(Data records)
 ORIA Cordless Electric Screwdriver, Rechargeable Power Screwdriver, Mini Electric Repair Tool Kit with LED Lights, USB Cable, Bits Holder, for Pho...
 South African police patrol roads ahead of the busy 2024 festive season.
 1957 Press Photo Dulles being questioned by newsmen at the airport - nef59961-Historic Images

* * *

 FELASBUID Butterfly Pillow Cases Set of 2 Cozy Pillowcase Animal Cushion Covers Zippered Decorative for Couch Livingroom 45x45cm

---

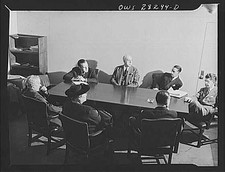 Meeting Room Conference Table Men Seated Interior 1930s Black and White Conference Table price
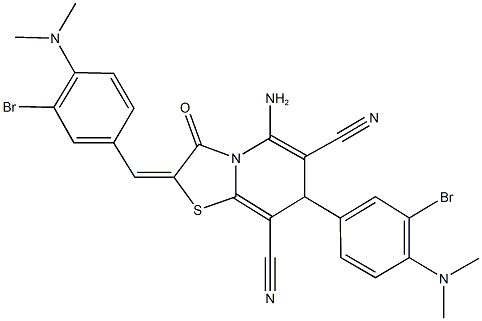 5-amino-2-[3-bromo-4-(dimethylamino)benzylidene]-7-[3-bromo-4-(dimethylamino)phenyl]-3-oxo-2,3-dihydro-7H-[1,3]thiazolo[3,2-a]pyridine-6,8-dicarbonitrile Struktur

(What the task requires) Working from the material above, restate word for word the lines between the line with "ORIA Cordless Electric" and the line with "1957 Press Photo", both included, and only those.

(Task output)
 ORIA Cordless Electric Screwdriver, Rechargeable Power Screwdriver, Mini Electric Repair Tool Kit with LED Lights, USB Cable, Bits Holder, for Pho...
 South African police patrol roads ahead of the busy 2024 festive season.
 1957 Press Photo Dulles being questioned by newsmen at the airport - nef59961-Historic Images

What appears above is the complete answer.